The Providers of Abortion
The dominant image of providers of abortion is one of compassionate men and women who provide a much appreciated medical service in clean and carefully regulated (because legal!) facilities. Not only are they compassionate, the image continues, but they are even heroic, as they provide this service amidst the criticisms of those who oppose abortion.
There are two strong antidotes to this false image.
One is the testimony of those who used to work in the abortion industry and no longer do. I know many of them personally. Some of them speak publicly; hundreds do not. Their stories need to be heard, as they explain the hatred that so many abortion providers have for women. One friend of mine described how the abortionist she worked for deliberately used a method that caused more pain because "he said he liked to inflict pain on women." Video and audio tapes of such testimony are available. (See the conclusion of this article for information on how to contact Priests for Life.)

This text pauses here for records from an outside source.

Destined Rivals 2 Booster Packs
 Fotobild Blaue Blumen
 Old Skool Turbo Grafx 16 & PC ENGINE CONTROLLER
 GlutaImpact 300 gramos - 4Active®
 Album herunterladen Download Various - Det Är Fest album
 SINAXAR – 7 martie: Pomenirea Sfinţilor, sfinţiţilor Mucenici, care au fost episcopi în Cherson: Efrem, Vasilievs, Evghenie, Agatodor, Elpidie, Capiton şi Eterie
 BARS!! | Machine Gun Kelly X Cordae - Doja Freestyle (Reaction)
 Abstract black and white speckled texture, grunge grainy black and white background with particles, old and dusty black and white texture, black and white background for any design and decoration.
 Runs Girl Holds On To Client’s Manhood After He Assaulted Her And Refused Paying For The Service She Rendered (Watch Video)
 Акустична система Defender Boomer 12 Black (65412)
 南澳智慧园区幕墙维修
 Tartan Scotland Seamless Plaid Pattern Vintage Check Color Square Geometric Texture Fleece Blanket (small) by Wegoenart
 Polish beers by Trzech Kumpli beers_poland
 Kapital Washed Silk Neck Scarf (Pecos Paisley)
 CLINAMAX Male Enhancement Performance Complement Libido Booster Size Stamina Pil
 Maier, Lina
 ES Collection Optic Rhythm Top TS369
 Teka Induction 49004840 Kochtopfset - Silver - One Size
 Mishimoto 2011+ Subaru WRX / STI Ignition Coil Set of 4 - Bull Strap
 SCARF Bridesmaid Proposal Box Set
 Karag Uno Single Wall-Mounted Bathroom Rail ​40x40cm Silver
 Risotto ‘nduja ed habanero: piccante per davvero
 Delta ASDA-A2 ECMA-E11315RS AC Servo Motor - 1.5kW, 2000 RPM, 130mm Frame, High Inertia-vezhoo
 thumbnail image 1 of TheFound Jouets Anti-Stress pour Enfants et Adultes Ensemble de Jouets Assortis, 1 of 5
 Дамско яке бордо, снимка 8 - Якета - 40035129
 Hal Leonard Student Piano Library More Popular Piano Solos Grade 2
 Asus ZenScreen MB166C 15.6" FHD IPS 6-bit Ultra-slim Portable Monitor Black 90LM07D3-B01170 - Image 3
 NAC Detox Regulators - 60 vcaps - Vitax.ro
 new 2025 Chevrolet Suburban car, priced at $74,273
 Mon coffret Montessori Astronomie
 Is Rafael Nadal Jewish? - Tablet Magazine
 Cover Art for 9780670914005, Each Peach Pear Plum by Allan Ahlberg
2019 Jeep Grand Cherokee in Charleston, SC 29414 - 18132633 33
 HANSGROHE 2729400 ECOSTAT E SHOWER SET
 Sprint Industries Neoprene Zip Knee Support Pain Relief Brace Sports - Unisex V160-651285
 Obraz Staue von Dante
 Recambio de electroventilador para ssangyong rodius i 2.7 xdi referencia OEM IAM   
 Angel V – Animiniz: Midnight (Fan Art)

The other powerful tool is the book Lime 5, which describes documented cases of how the abortion industry deceives, injures, sexually abuses, and kills women in so-called safe and legal abortion facilities. Besides the fallacy that what is legal is moral, there is a deadly fallacy that what is legal is safe. The image conveyed by the slogan "safe and legal abortion" makes one feel that because it is legal, it is safe. A reading of Lime 5 proves that this does not follow. When those who are not doctors pose as doctors in abortion facilities, and when those facilities do not even sterilize the instruments, it is time to clean things up. Abortion providers have a serious image problem: it is far too good. (Contact Priests for Life for information on how to obtain this book.)
The Pro-Life Movement
A final area in which a truer image needs to be communicated is that of the pro-life movement itself.
This movement to defend the youngest members of the human family is the largest, most selfless and peaceful grassroots movement in the history of America. The majority of the people, time, energy, and resources of this movement are directed to providing alternatives to abortion. Without pay or popularity, people of all walks of life take such women into their homes, provide them friendship and acceptance, pay their medical expenses, set them up with employment, and give them the confidence to be good mothers. There are, in fact, more crisis pregnancy assistance centers in America than there are abortion facilities. This is a movement that loves a segment of humanity that as of now cannot love them back, and cannot thank or even acknowledge them. This, furthermore, is not a movement that says, "Love the child and forget the mother." Rather, it is a movement that says, in word and action, "Why can't we love them both?"
Contrast this reality with the image so often painted of the pro-life movement: an insensitive, fringe element bent on violence and on depriving women of their legitimate rights!
Images are powerful. They define reality for people, especially when they come from that electronic tube we call television. Yet when it comes to abortion, the women who obtain it, those who provide it, and those who fight it, the images usually contradict the reality. The pro-life movement has proved itself quite capable of winning the arguments over the morality of abortion. In order to end abortion, however, it must also win the war of images. It has the tools, some of which I have mentioned. The task now lies before us to use those tools daily and in an expert way, whether in the mass media or in conversation with a neighbor. As we accomplish that task, it will once again be clear that the truth will set us free!